* Work to complete:
After finding the line with "Sheep Rce Sheep" in the data below, set down exactly each line through the one with "kekik-hasadi-basladi-kullanim-alani-cok-fazla-3OYbPx2i.jpg", inclusive, and stop there.

* Exercise material:
....................

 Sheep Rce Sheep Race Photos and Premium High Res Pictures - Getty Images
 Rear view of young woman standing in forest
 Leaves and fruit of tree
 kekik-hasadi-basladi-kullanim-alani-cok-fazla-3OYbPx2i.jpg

....................

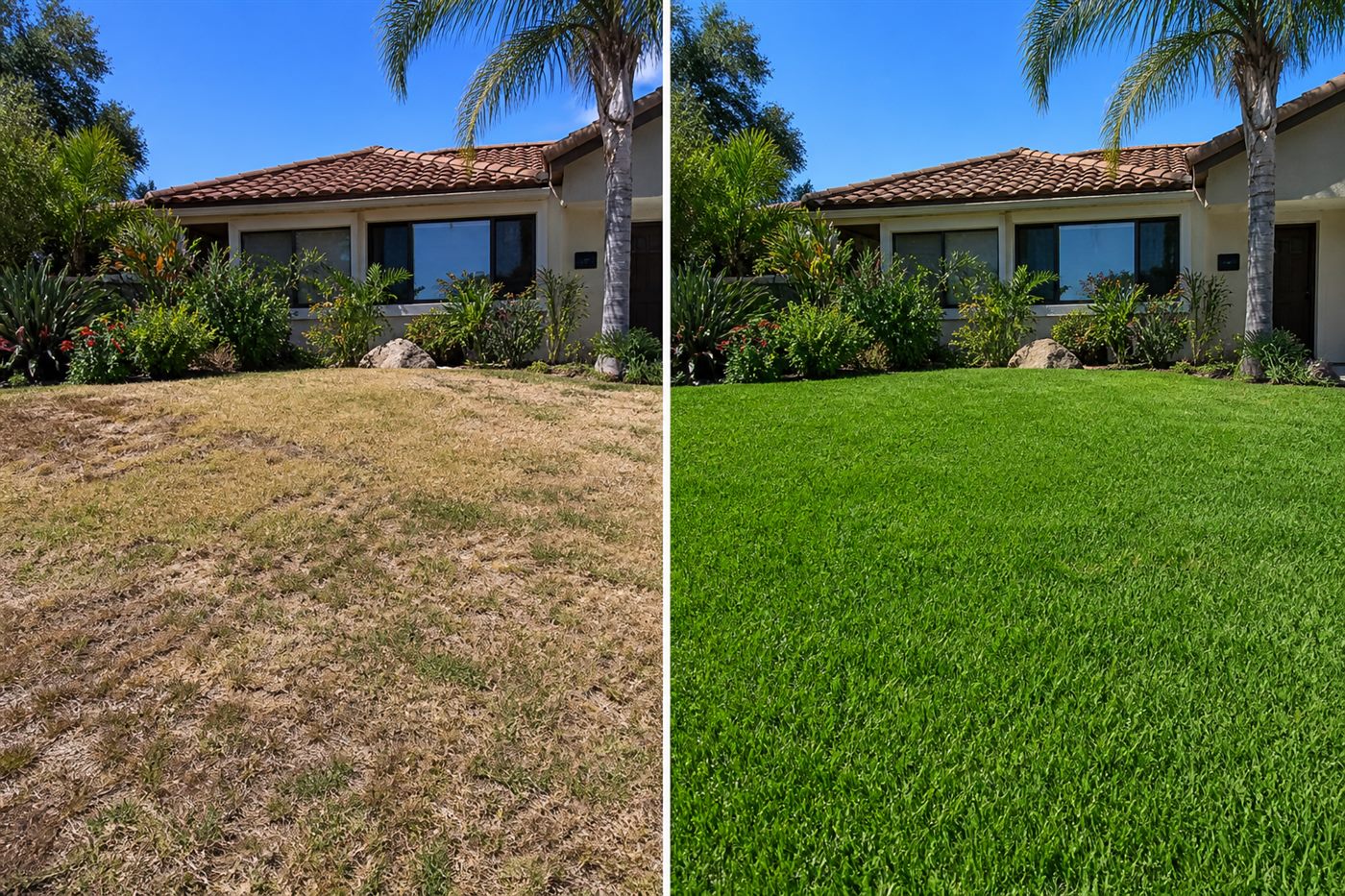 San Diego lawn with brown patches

....................

* Task solution:
 Sheep Rce Sheep Race Photos and Premium High Res Pictures - Getty Images
 Rear view of young woman standing in forest
 Leaves and fruit of tree
 kekik-hasadi-basladi-kullanim-alani-cok-fazla-3OYbPx2i.jpg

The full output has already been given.